▸ Brief
Please give back only the lines below from the one containing "ASRV 846 Tech" to the one containing "Menu_Le Florentin_Moissac_image_3", each repeated word for word, both ends included.

[Scraped caption text data]
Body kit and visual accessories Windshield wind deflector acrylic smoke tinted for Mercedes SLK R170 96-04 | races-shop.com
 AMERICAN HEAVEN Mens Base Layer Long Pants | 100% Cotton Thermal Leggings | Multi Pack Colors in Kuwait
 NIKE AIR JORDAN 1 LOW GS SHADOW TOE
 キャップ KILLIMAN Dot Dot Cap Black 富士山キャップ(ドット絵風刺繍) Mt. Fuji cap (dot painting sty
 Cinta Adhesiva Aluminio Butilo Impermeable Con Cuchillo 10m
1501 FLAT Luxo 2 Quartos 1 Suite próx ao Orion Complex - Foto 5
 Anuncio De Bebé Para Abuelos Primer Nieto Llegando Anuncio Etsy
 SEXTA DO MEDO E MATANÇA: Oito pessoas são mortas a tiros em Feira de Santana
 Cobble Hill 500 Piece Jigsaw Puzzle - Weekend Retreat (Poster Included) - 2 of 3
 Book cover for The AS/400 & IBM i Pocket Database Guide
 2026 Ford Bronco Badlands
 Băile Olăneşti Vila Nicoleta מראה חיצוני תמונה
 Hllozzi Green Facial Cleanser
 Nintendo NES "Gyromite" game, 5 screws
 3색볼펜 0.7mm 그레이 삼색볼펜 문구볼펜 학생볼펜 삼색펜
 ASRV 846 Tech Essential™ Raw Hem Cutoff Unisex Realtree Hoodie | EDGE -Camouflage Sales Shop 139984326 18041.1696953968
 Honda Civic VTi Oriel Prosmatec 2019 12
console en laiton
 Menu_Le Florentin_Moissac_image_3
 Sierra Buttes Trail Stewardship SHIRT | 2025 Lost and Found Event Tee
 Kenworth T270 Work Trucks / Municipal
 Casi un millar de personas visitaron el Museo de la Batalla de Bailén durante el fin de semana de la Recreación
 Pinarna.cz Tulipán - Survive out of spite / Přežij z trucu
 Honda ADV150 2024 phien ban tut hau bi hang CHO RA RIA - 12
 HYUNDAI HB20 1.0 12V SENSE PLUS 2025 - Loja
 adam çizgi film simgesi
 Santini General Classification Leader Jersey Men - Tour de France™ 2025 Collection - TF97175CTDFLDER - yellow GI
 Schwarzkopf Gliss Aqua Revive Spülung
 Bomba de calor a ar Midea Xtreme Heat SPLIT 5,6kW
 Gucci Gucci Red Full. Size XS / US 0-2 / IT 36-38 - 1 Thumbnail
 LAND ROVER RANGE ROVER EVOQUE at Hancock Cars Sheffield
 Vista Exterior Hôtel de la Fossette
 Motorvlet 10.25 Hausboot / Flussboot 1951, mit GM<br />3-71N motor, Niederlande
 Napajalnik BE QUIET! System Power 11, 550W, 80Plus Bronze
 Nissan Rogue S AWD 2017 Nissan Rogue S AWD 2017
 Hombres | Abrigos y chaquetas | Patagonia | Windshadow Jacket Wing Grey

▸ Result for this exercise
 ASRV 846 Tech Essential™ Raw Hem Cutoff Unisex Realtree Hoodie | EDGE -Camouflage Sales Shop 139984326 18041.1696953968
 Honda Civic VTi Oriel Prosmatec 2019 12
console en laiton
 Menu_Le Florentin_Moissac_image_3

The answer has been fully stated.